High-efficiency collection of tyre wear particles from multi-axle container trailers via airflow reconfiguration

Heavy container trailers emit substantial quantities of tyre wear particles (TWPs) due to long-distance transportation, increasing ownership, and higher payloads. Owing to their multi-axle layouts, short-wheelbase and dual-tyre arrangement, these container trailers generate complex aerodynamic interactions that significantly influence TWPs dispersion, posing considerable challenges for efficient collection within such intricate flow fields. To address this issue, a comprehensive investigative framework and a novel collection strategy were both proposed. The Eulerian-Lagrangian approach, integrated with the Discrete Phase Model, was computationally implemented to validate the effectiveness and feasibility of the collection strategy. Equally important, a novel test rig was developed to conduct scaled-down experiments, along with a 3D-printed model, to validate the numerical model and simulation outcomes. To improve TWPs’ collection efficiency, two collection channels and a rectification chamber were proposed to reconfigure the airflow and form TWPs-enriched passages, integrating porous filters for collection.
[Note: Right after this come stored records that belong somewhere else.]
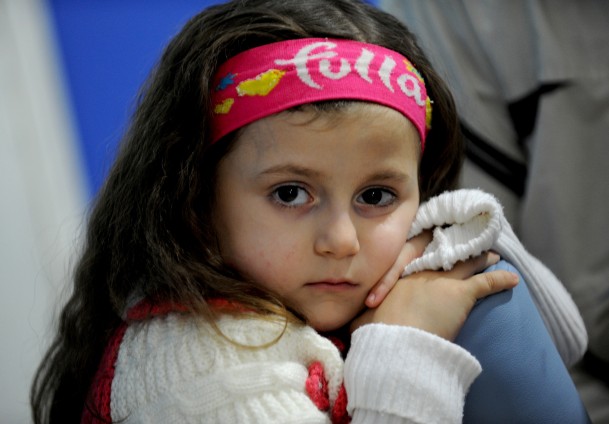 Savaş küçük Marima'nın parmaklarını aldı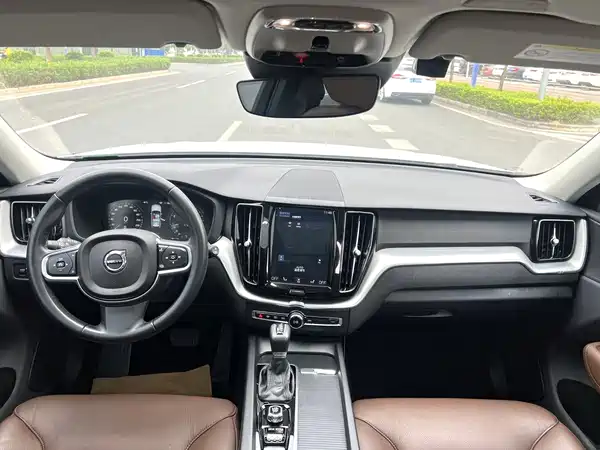 Volvo XC60 2019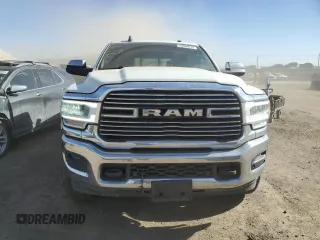 2019 Ram 2500 Laramie z VIN 3C6UR5FL1KG657255, wystawiony jako Copart lot #43664075 z przebiegiem 29 126 mil mil oraz Szkoda całkowita • Salvage title. Historia ofert i sprzedaży dostępna na DreamBid. Obrazek 5.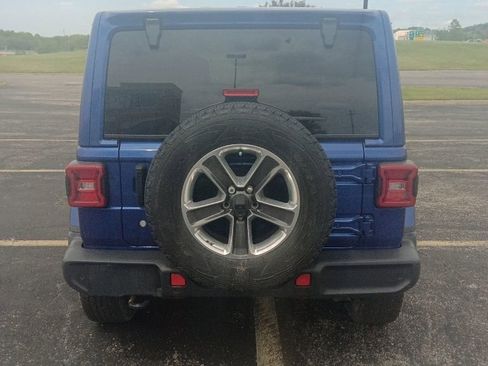 Used 2019 Jeep Wrangler Unlimited Sahara w/ Safetytec Group AWD/4WD image 4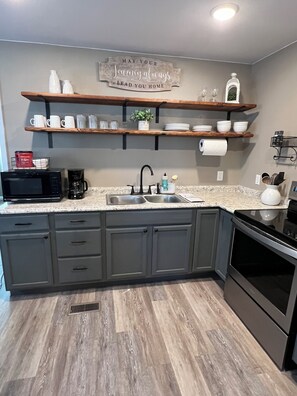 冷蔵庫、電子レンジ、オーブン、コンロ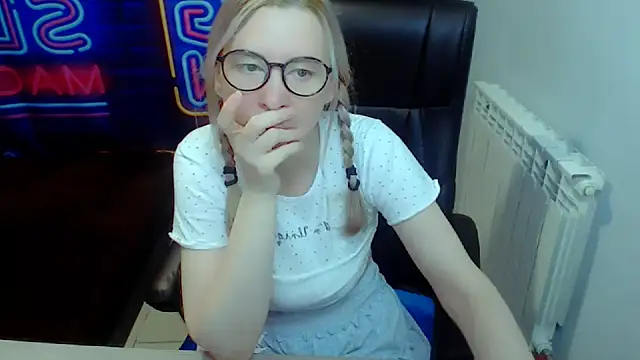 Snapshot of kerakiss877 chatting on 03-22-25, 04:45 kerakiss877 online show from 03-22-25, 04:45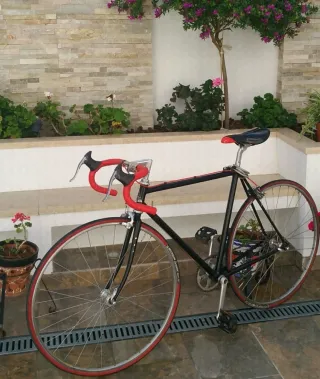 Bicicleta Fixie Negra y Roja. 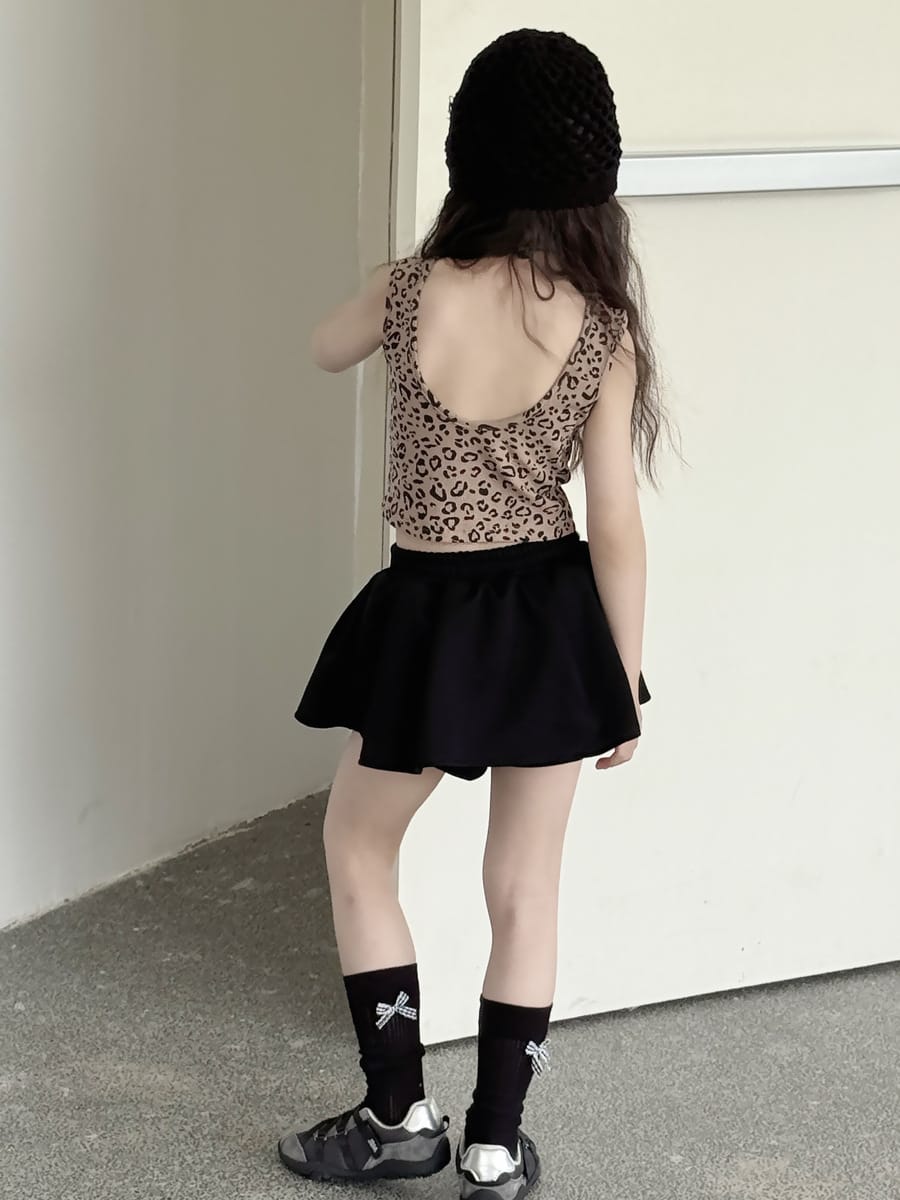 Leopard Print Ribbed Tank Top レオパード ノースリーブTシャツ【mh0013077】 mamahalo kids タンクトップ・キャミソール・ノースリーブトップス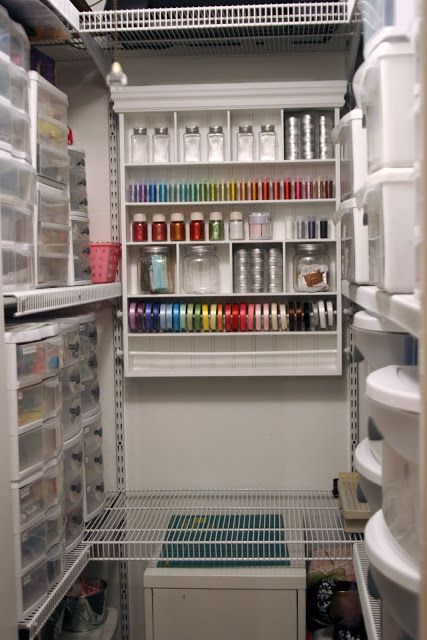 {Craft Closet} Options & Inspiration (21 of them, to be exact) | hi Sugarplum! Craft Closet Organization Ideas, Sewing Closet, A Walk In Closet, Craft Room Closet, Craft Closet Organization, Closet Organization Ideas, Craft Closet, Sewing Spaces, Hi Sugarplum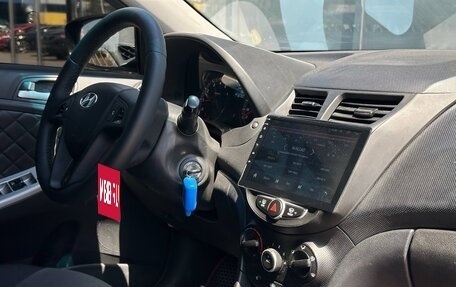 Hyundai Solaris II рестайлинг, 2012 год, 725 000 рублей, 11 фотография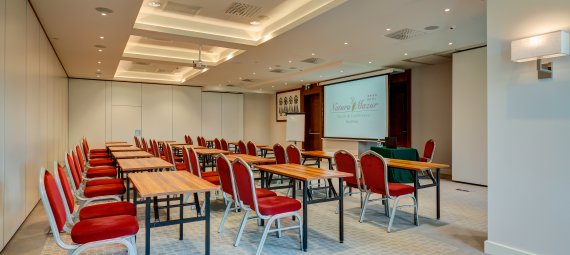 szkolenie nad jeziorem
The optimal placement and geometric arrangement of these channels were determined, with inlet angles of 70° and 80° for the first and second channels, respectively, and a 60° triangular-shaped inlet for the third channel. The results show that a collection ratio exceeding 50% was achieved at a speed of 80 km/h in both laboratory experiments and numerical simulations. The maximum deviation between the simulation and experimental data was less than 6%, indicating high accuracy. These findings contribute to a better understanding of particulate matter dispersion and collection in a complicated flow field. In addition, this study provides valuable insights for policymakers, environmental researchers, trailer manufacturers, and tyre manufacturers in developing regulations and effective strategies to reduce TWPs’ emissions.